2022 in numbers: GitLab.com deployment and Delivery team overview
2022 has been a year of growth for the Delivery group. We welcomed four new team members and re-organized into two independent teams with a shared Delivery mission.
As well as forming teams and figuring out how best to support the Delivery domain, we've continued to iterate on our deployment and release processes and successfully lowered Mean Time To Production at the same time as the number of changes from across GitLab grows. This issue, similar to the 2021 review takes a quick look back at our year.
GitLab.com deployments in 2022
A combination of faster deployments, fewer deployment blockers, and improved deployment scheduling allowed us to deploy over 3000 times during 2022! August was our busiest month with 113 deployments, closely followed by November with 109. Both months massively exceeded our busiest 2021 month - August with just 80 deployments.
The increased number of deployments again translated into MTTP improvements and we managed to achieve our lowest-ever MTTP twice during 2022 - first in February with 15.96hrs, then improved again during November with 14.7hrs.
Going deeper into MTTP
MTTP is affected by three factors and improvements across all three have allowed us to remain close to our 12hr target:
-
Deployment pipeline duration - the time it takes to deploy a change affects how many deployments can take place each day. In 2022 we reduced pipeline duration by re-ordering the pipeline and by separating post-deploy migrations for better control. We're still working on metrics to track this accurately but the existing Deployment SLO dashboard shows the drop from ~6hrs per deployment down to ~5hrs or less and considerably fewer spikes from deployments being delayed by some kind of failure or incident. As an SLO we're seeing over 95% of pipelines complete in under 8hrs.
Source dashboard
-
Deployment availability - excellent GitLab.com availability and changes to incident severity use have increased the amount of time available for deployments. In Delivery, we've been tracking the duration and root cause of deployment blockers on this epic. Unsurprisingly, months with fewer blockers have higher numbers of deployments and also show lower MTTP.
-
Deployment frequency - improved deployment scheduling combined with shorter deployments and more deployment time has increased the number of deployments. As a proxy measure of how well our deployment scheduling is working we track how many tagged packages actually get deployed to Production. Ideally, we would be deploying 100% of tagged packages meaning there would be no wasted time or resources creating packages that we don't use. The graph below shows that in recent weeks most packages have been deployed.
Source dashboard
All of these measures tell us when we're being delayed but not always why. To bring these separate measures together and help us decide our next steps for MTTP we're working to improve deployment pipeline observability.
Releases for self-managed users
During 2022 we published over 72 releases (December numbers to be added). This is 35% less than in 2021 and indicates that we're releasing higher-quality monthly releases with less need for patching.

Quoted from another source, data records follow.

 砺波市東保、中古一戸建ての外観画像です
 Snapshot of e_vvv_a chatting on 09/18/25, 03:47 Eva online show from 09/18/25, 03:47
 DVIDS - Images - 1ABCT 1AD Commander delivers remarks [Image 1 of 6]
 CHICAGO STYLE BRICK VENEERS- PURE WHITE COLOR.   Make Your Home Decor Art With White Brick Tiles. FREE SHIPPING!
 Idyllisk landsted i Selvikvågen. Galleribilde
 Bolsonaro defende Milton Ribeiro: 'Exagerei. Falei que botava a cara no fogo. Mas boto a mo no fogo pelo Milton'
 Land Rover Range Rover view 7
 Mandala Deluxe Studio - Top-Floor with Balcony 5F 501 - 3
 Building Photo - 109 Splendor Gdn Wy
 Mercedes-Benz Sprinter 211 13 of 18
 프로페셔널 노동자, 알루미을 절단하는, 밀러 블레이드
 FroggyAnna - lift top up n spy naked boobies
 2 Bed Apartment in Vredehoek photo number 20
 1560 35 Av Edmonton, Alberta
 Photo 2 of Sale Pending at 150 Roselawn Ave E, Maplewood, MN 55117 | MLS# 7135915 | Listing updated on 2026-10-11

Numbers of releases, compared to 2021:
Month | 2021 | 2022 |
---|---|---|
January | 9 | 5 |
February | 9 | 10 |
March | 11 | 10 |
April | 7 | 2 |
May | 3 | 6 |
June | 8 | 9 |
July | 11 | 9 |
August | 11 | 5 |
September | 9 | 5 |
October | 6 | 4 |
November | 7 | 10 |
December | 6 | 4 |
Project highlights
2022 has also been an interesting year for Delivery projects. We've worked on our platform, tools, and processes to improve speed, reliability, safety, and usability. Rather than attempt to detail everything we've worked on this year this section highlights a few of our bigger projects:
GitLab.com Kubernetes migration
The Kubernetes migration has had another constructive year despite not being quite as visible as in previous years. With the stateless service migration completed at the end of 2021 we started this year collaborating with Scalability to test the feasibility of migrating Redis to Kubernetes. The results were positive and Scalability has been working on the migration. Make sure to read the Scalability Year in Review issue for all the details on the Redis migrations.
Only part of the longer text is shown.